Interleaved IO | NeMo Curator

Read and write interleaved image-text data between WebDataset tar shards and Parquet. All four combinations work out of the box:

WDS tar  ⇄  InterleavedBatch  ⇄  Parquet

Understanding the Round-Trip

Storage Formats

Interleaved samples can live in two on-disk formats; in memory both materialize as InterleavedBatch:

Format	Layout	When to Use
WebDataset tar shards	One tar per shard, one file per item; `sample_id` encoded in member key	Streaming reads, S3-friendly, MINT-1T-compatible
Parquet rows	One row per item (text/image/metadata), grouped by `sample_id`	Random access, column projection, ~5× faster reads in benchmarks

Choose based on the consumer: training loops that stream large datasets often prefer WDS tars; analytics or sample-level inspection prefers Parquet.

When to Convert

A common workflow is “curate once in Parquet, train from tars”:

Curate in Parquet — fast reads, easy filtering, column projection.
Convert to WDS — once curation is done, write the final dataset as MINT-1T-style tars for the training loop.
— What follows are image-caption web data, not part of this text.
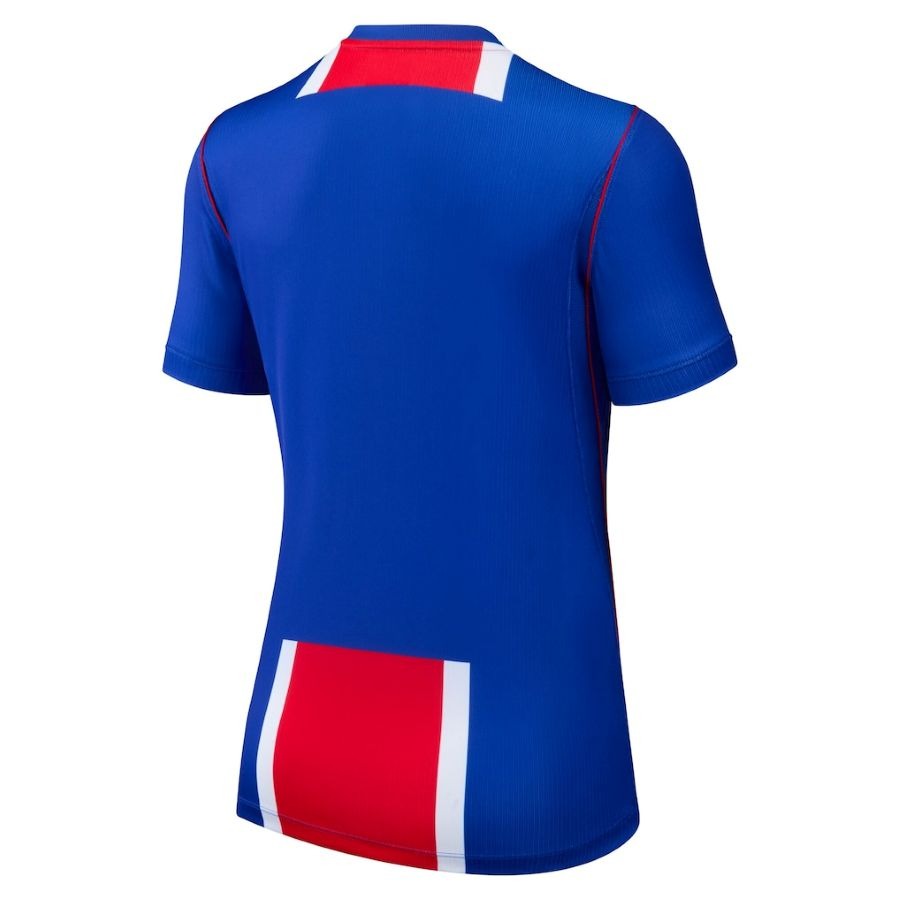 Paris Saint-Germain – Thuisshirt – 2026/27 – Dames
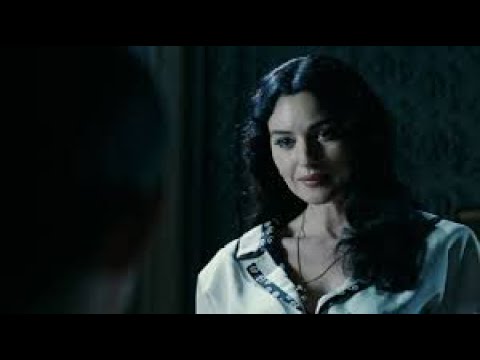 Malèna  Full Movie Facts & Review / Monica Bellucci / Giuseppe Sulfaro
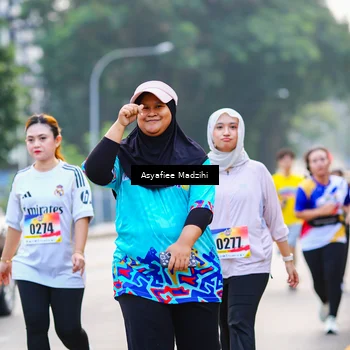 Runner Photo 8309439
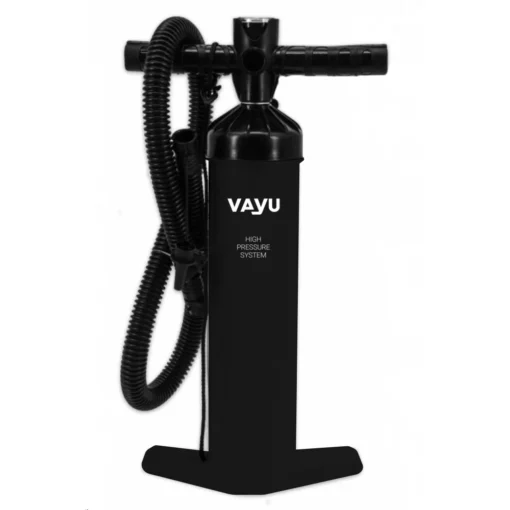 Vayu Vving Pump 2025 - Imagen 1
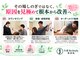久喜リボディー整骨院(久喜Re:body整骨院)の写真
The IO stages on this page support that workflow without intermediate copies.

Readers

`InterleavedParquetReader`

Reads Parquet files into InterleavedBatch. Each row maps to one item (text, image, or metadata) with a sample_id that groups items into samples.
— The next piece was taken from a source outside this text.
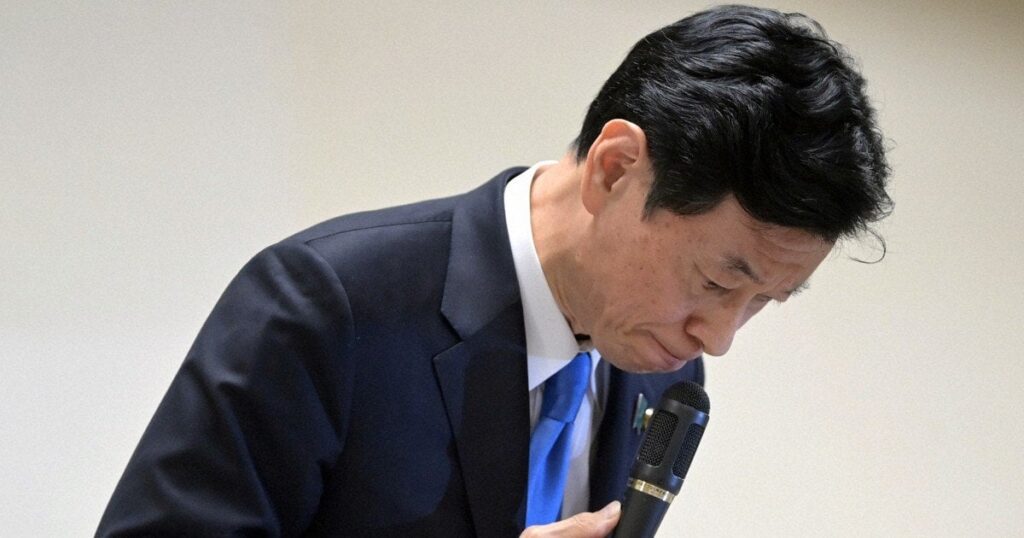 「安倍さんに申し訳ない」派閥幹部らの発言にXで批判 裏金問題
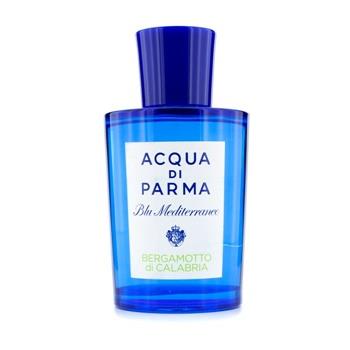 OJAM Online Shopping - Acqua Di Parma Blu Mediterraneo Bergamotto Di Calabria Eau De Toilette Spray 150ml/5oz Ladies Fragrance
1 from nemo_curator.stages.interleaved.io.reader import InterleavedParquetReader
2 
3 reader = InterleavedParquetReader(
4     file_paths="s3://bucket/interleaved/*.parquet",
5     fields=("source_url", "license"),  # passthrough columns kept alongside reserved ones
6     max_batch_bytes=512 * 1024 * 1024, # 512 MiB per output batch
7 )

Key behaviors:

fields= passthrough: keep additional columns alongside the reserved interleaved schema. Missing columns null-fill in a single pass.
Push-down column projection: the reader uses pq.read_schema() per file and asks Parquet for only the columns it needs.
max_batch_bytes splitting: large file groups are split into multiple batches by accumulated size; per-split lineage is preserved on the output source_files field.
Schema control: pass schema= for strict alignment to a target Arrow schema, or schema_overrides= for partial type overrides on top of INTERLEAVED_SCHEMA. Specifying both warns and prefers schema=.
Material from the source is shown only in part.